What to work on → Pictures in the records below must be left out. Return exactly the lines from the line with "Saucony Womens Running" to the line with "Skechers Sport Women's", both included.

The input →
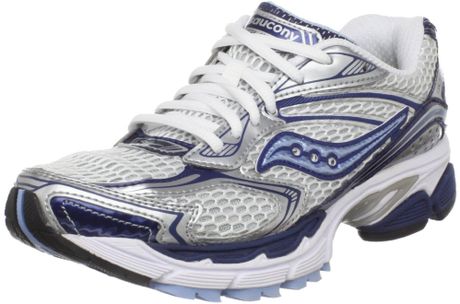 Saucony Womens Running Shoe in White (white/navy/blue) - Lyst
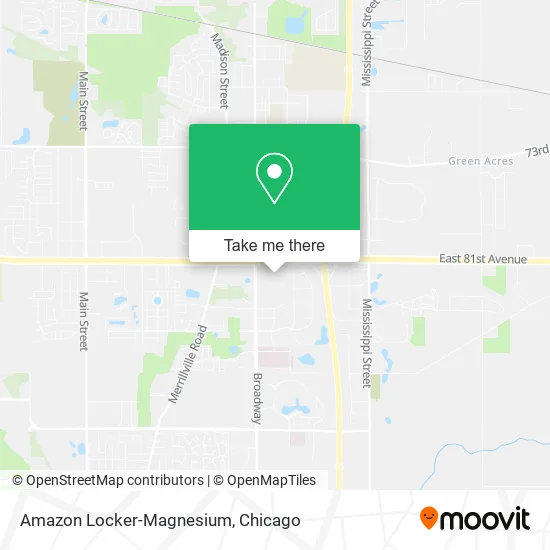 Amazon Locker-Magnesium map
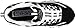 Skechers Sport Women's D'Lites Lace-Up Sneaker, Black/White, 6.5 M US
* * *
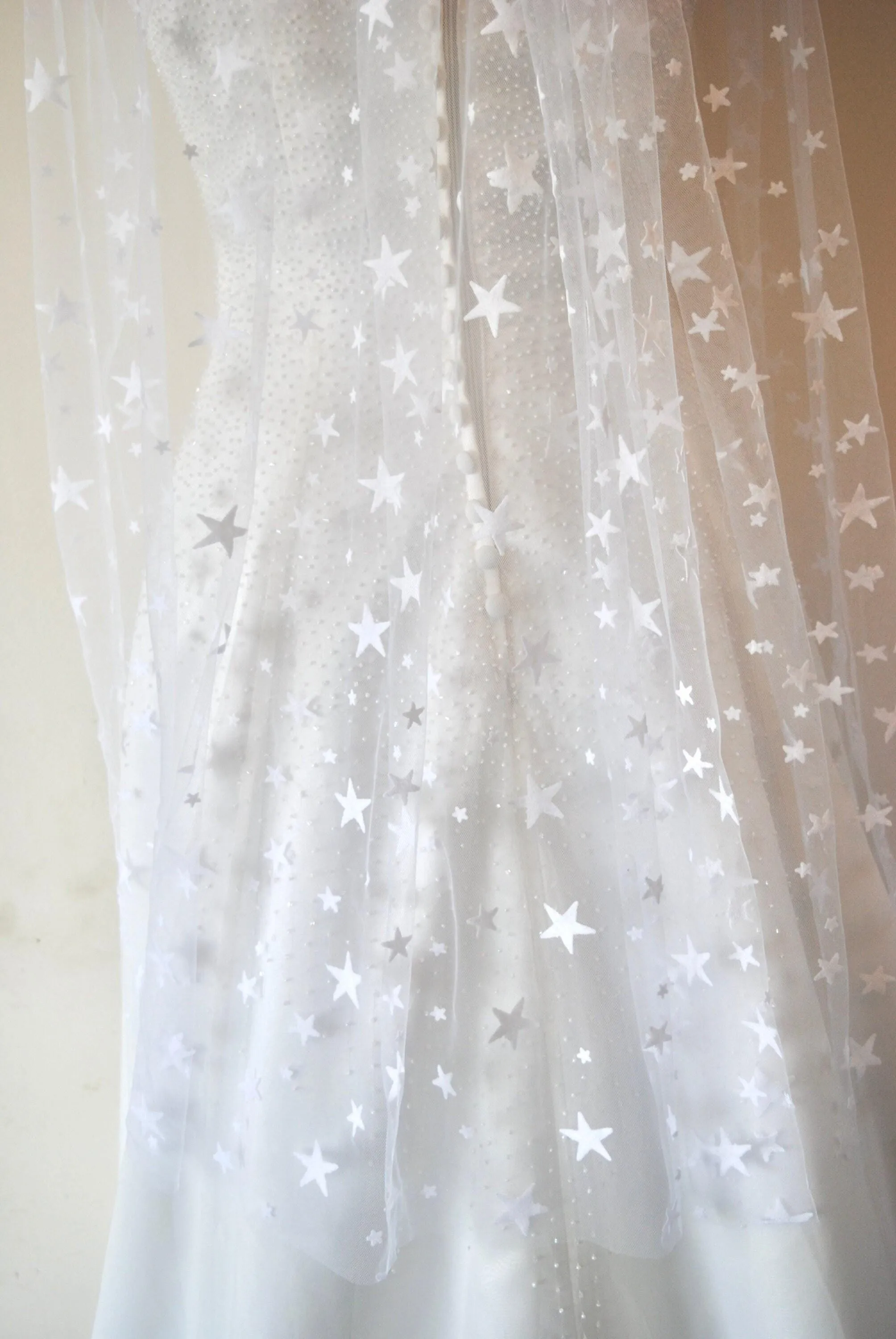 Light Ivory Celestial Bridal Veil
---
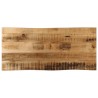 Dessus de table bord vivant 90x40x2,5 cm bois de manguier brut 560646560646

Solution to this exercise →
 Saucony Womens Running Shoe in White (white/navy/blue) - Lyst
 Amazon Locker-Magnesium map
 Skechers Sport Women's D'Lites Lace-Up Sneaker, Black/White, 6.5 M US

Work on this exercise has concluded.